>>>>>
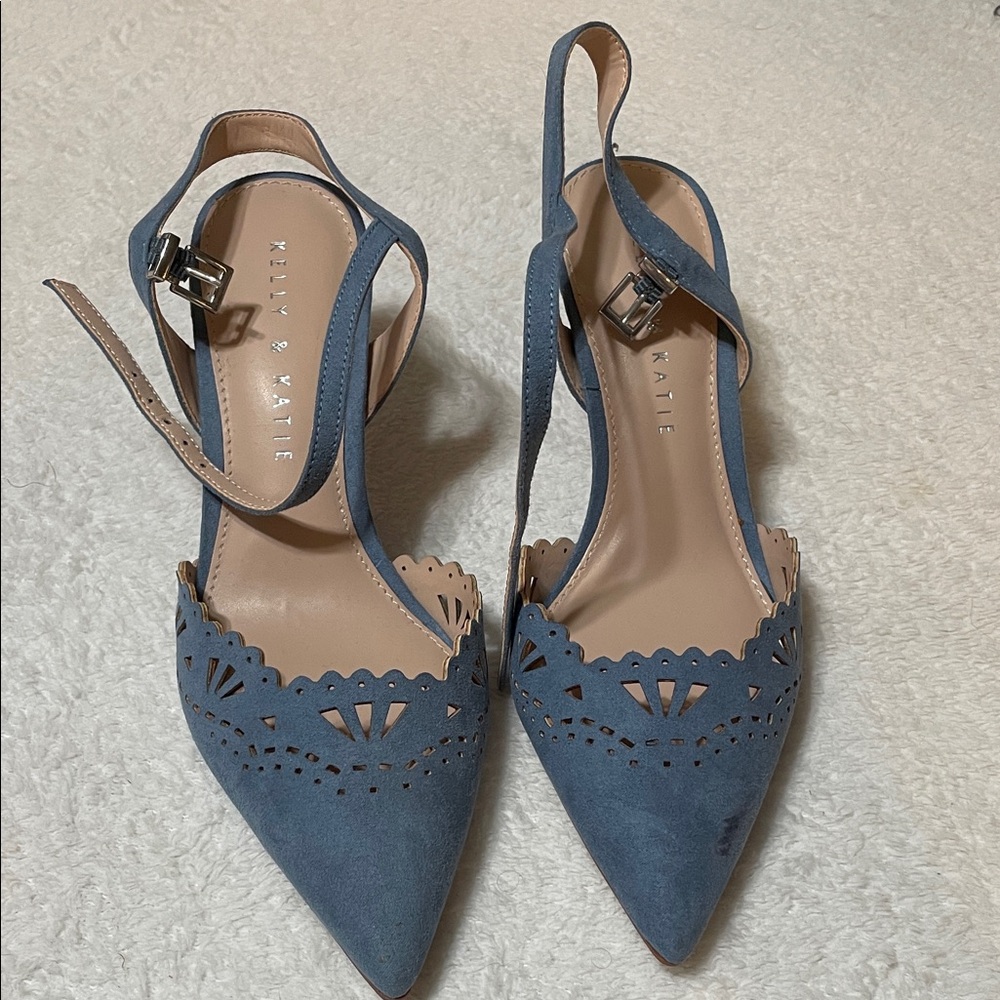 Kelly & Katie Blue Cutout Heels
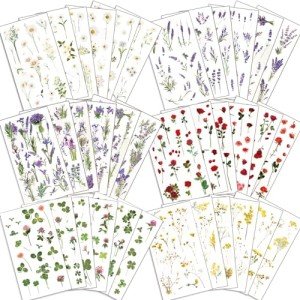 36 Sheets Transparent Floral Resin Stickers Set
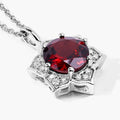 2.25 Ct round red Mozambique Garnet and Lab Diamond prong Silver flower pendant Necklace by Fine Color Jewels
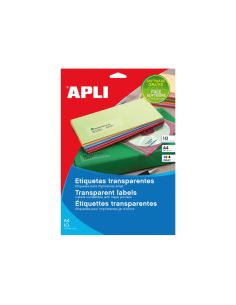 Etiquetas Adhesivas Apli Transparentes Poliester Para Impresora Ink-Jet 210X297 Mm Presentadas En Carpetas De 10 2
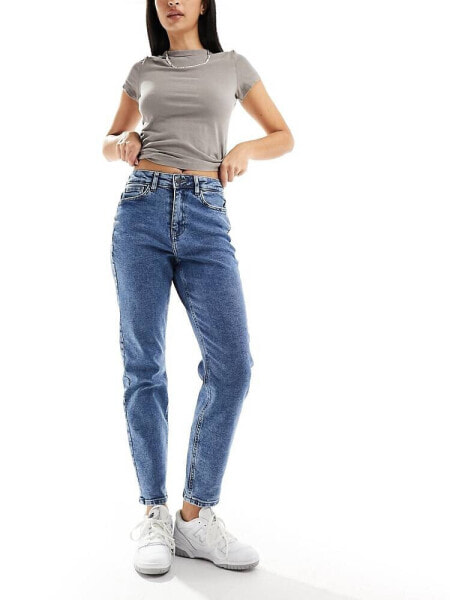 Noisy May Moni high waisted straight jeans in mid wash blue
<<<<<
* [WHAT YOU NEED TO DO]
Reproduce the listing above from the line that contains "Etiquetas Adhesivas Apli" through its final line, exactly and with nothing added. Omit the images.

* [RESULT OF THE EXERCISE]
 Etiquetas Adhesivas Apli Transparentes Poliester Para Impresora Ink-Jet 210X297 Mm Presentadas En Carpetas De 10 2
 Noisy May Moni high waisted straight jeans in mid wash blue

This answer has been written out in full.